— STUDY MATERIAL —
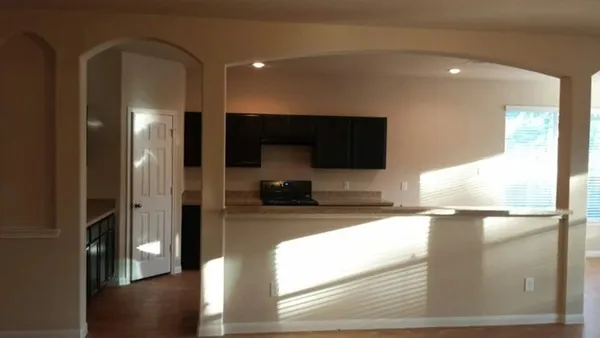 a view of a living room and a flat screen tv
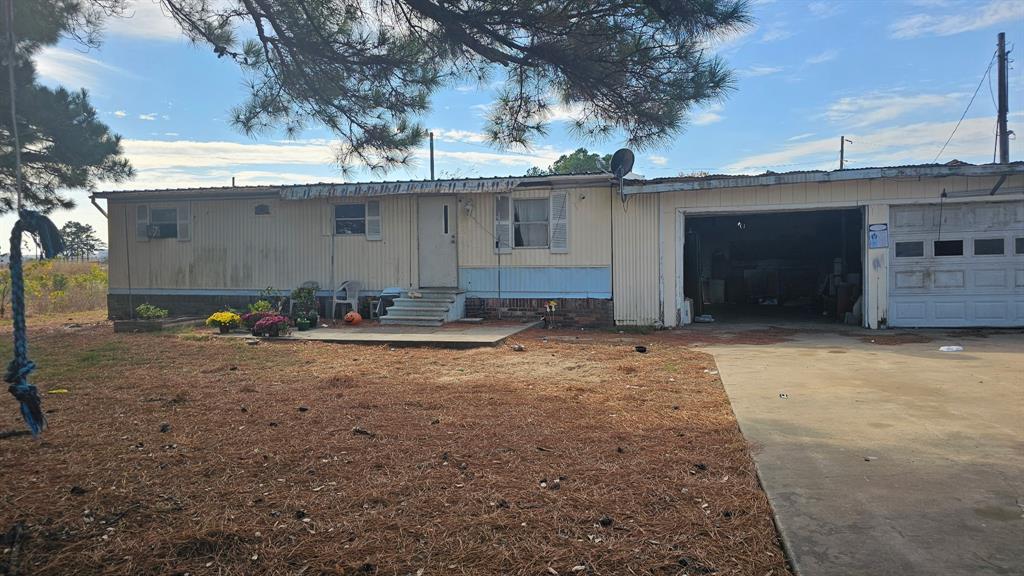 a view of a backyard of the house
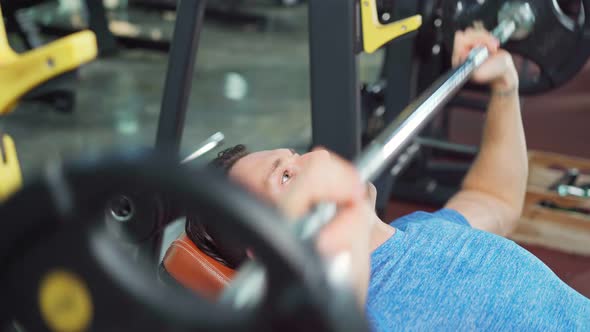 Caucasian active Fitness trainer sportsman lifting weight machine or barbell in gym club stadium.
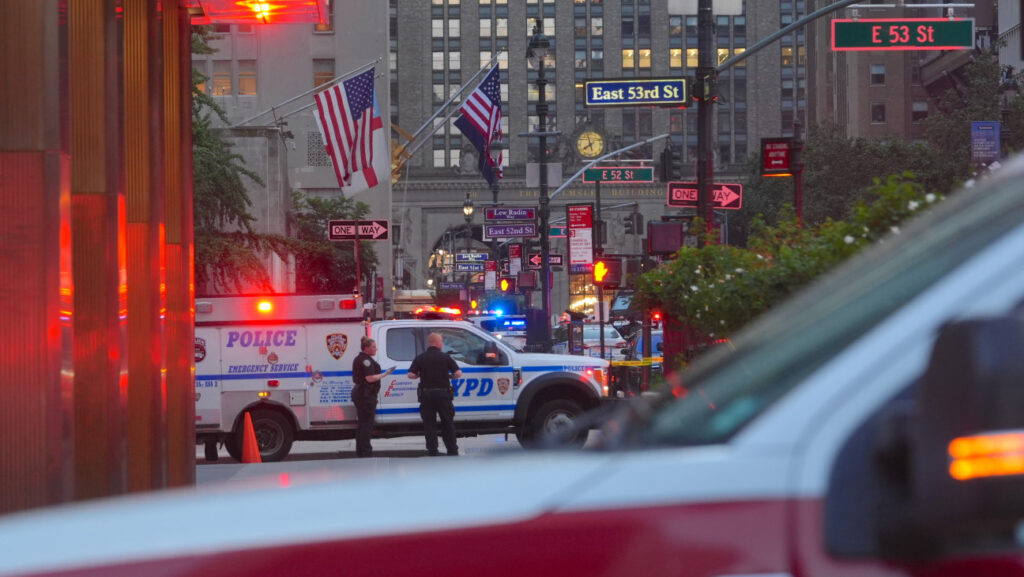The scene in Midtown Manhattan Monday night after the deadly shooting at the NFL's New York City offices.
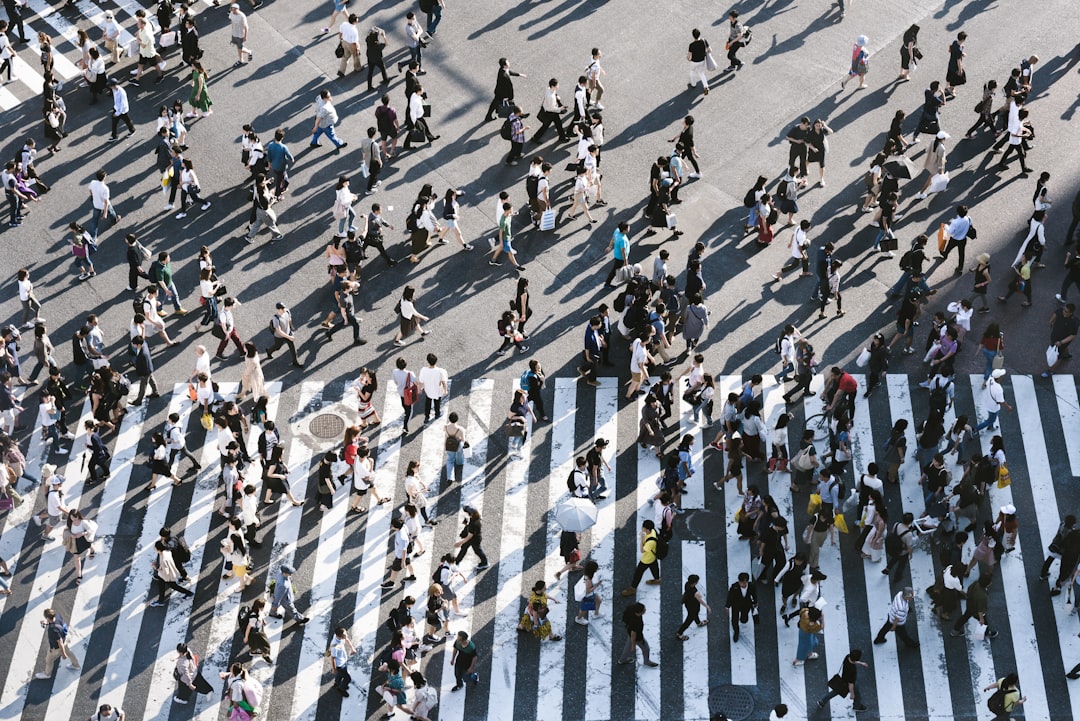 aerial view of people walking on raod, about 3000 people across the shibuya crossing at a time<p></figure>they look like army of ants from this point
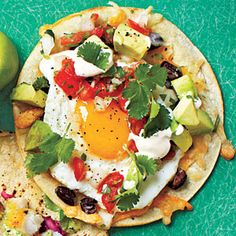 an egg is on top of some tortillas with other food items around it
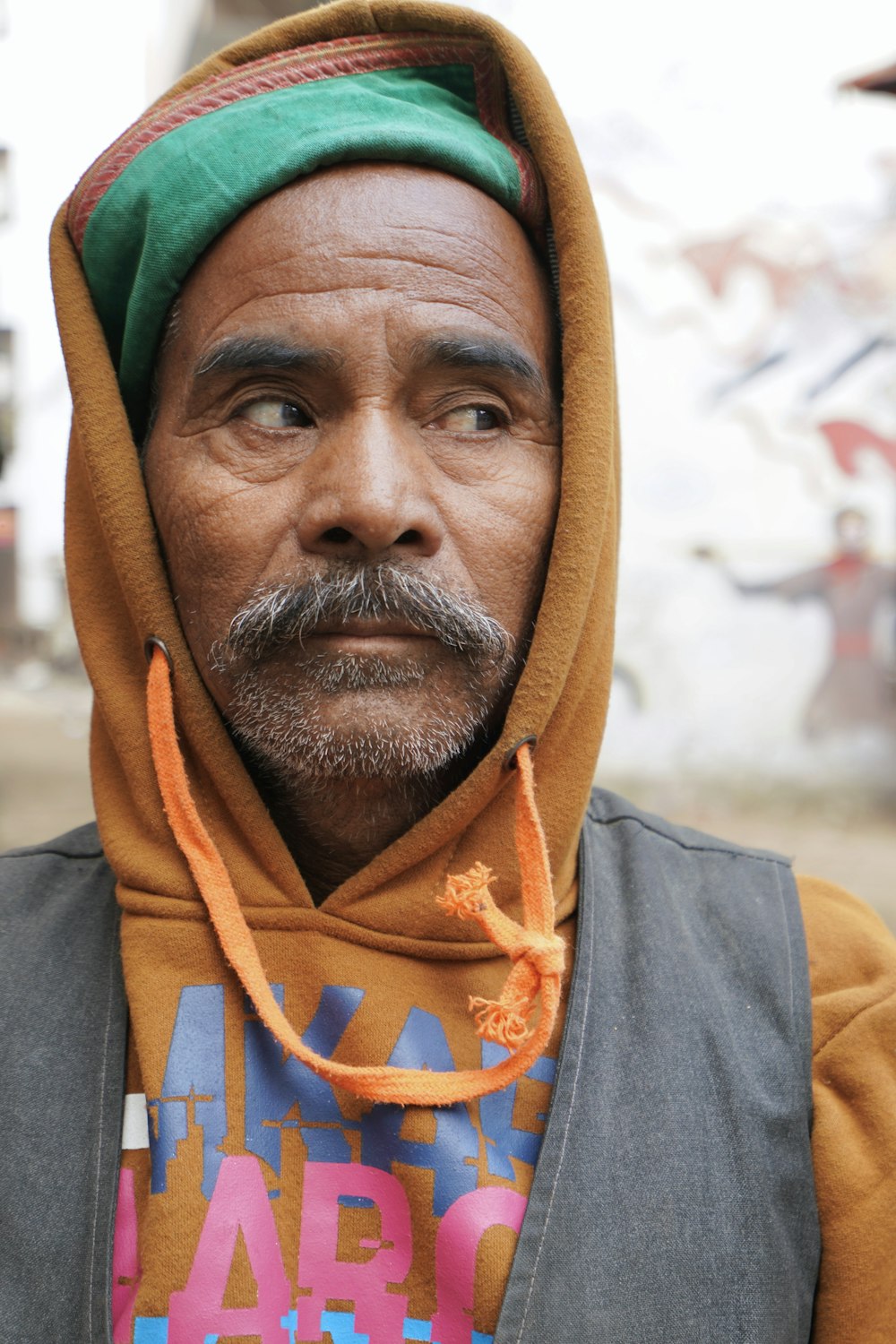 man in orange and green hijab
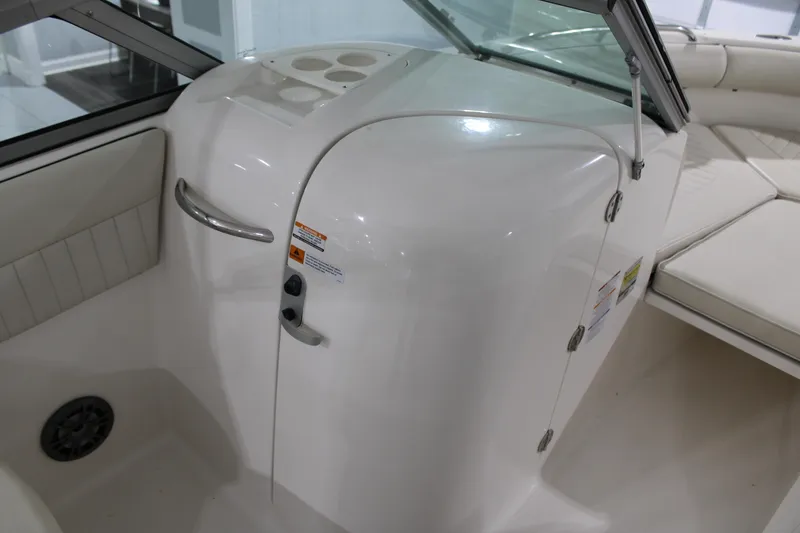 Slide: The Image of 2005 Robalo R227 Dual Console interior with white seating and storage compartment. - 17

— WORK REQUEST —
Write out, word for word, the lines from the first line of the entries through the one containing "The scene in", both included. Leave out the pictures.

— ANSWER SPACE —
 a view of a living room and a flat screen tv
 a view of a backyard of the house
 Caucasian active Fitness trainer sportsman lifting weight machine or barbell in gym club stadium.
The scene in Midtown Manhattan Monday night after the deadly shooting at the NFL's New York City offices.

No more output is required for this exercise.